Elektrobit / flake-pilot

Registration/Control utility for applications launched through a runtime-engine, e.g containers
MIT License
9 stars 5 forks source link

VSock communication on firecracker side in sci #106

Closed m-kat closed 1 year ago

m-kat commented 1 year ago

Implements guest communication for #87

m-kat commented 1 year ago

@schaefi This implements sci communication, it took me some time but I found this VSOCK communication library which simplifies the whole thing a lot. When it comes to the pilot side we need to agree on one when the command is running in resume mode, are we daemon-ising the firecracker instance or running in the background in the current shell?

schaefi commented 1 year ago

@schaefi This implements sci communication, it took me some time but I found this VSOCK communication library which simplifies the whole thing a lot.
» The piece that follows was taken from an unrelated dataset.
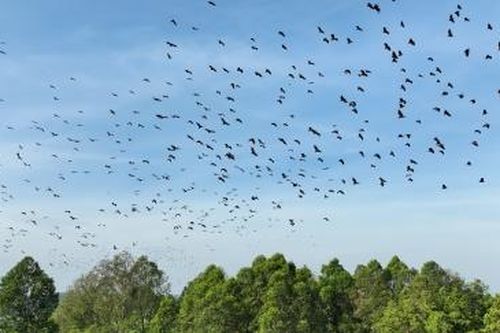 Về cù lao xem đàn dơi quạ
yes looks great, thanks. Something to double check, does the static binary still work ? I'm asking because sometimes new dependencies causes the static build to compile but at runtime an opcode or symbol is missing.

When it comes to the pilot side we need to agree on one when the command is running in resume mode, are we daemon-ising the firecracker instance or running in the background in the current shell?

I would daemon-ising it

m-kat commented 1 year ago

The static linking is still working not only linking

schaefi commented 1 year ago

@m-kat so I wanted to give this change a try and did the following setup:

flake-ctl firecracker pull --name leap --kis-image https://download.opensuse.org/repositories/home:/marcus.schaefer:/delta_containers/images/firecracker-basesystem.x86_64.tar.xz
flake-ctl firecracker register --vm leap --app /home/ms/mybash --target /bin/bash --overlay-size 20GiB

Next I compiled the new sci binary with your changes and put it into the rootfs

cd /var/lib/firecracker/images/leap 
mount rootfs /mnt
cp sci /mnt/usr/sbin/sci
umount /mnt

Next I edited the flake: vi /usr/share/flakes/mybash.yaml and added:

boot_args:
        ...
        - sci_resume=1

Next I called /home/ms/mybash and got the following output (with export PILOT_DEBUG=1) I stripped not relevant data

....
{"vcpu_count":2,"mem_size_mib":4096},"vsock":{"guest_cid":3,"uds_path":"/run/sci_cmd_25371.sock"}}

...
[2023-06-12T21:03:30Z DEBUG sci::defaults] Binding guest CID 2 on port 52
...

Please note, the "Binding guest..." message I have added to your code to get some info prior any connection. The system is now in the loop waiting at:

match VsockListener::bind_with_cid_port(vsock::VMADDR_CID_HOST, defaults::VM_PORT) {
    Ok(listener)=>{
        // main loop
        loop {
            match listener.accept() {

So far so good. Now I wanted to test the connection and on my host I called

sudo socat - UNIX-CONNECT:/run/sci_cmd_25371.sock
CONNECT 52

But nothing happens. I assume you get this working somehow and I'm running out of ideas what could be wrong ?

Thanks much

m-kat commented 1 year ago

@schaefi I'm curently looking into it, it seems that the vhost kernel module is not always loaded, will let you know when I solve it.

m-kat commented 1 year ago

@schaefi I have fixed some issues in the last commit and made additional PR for the fix with CID, when both PR's will be merged your test will work.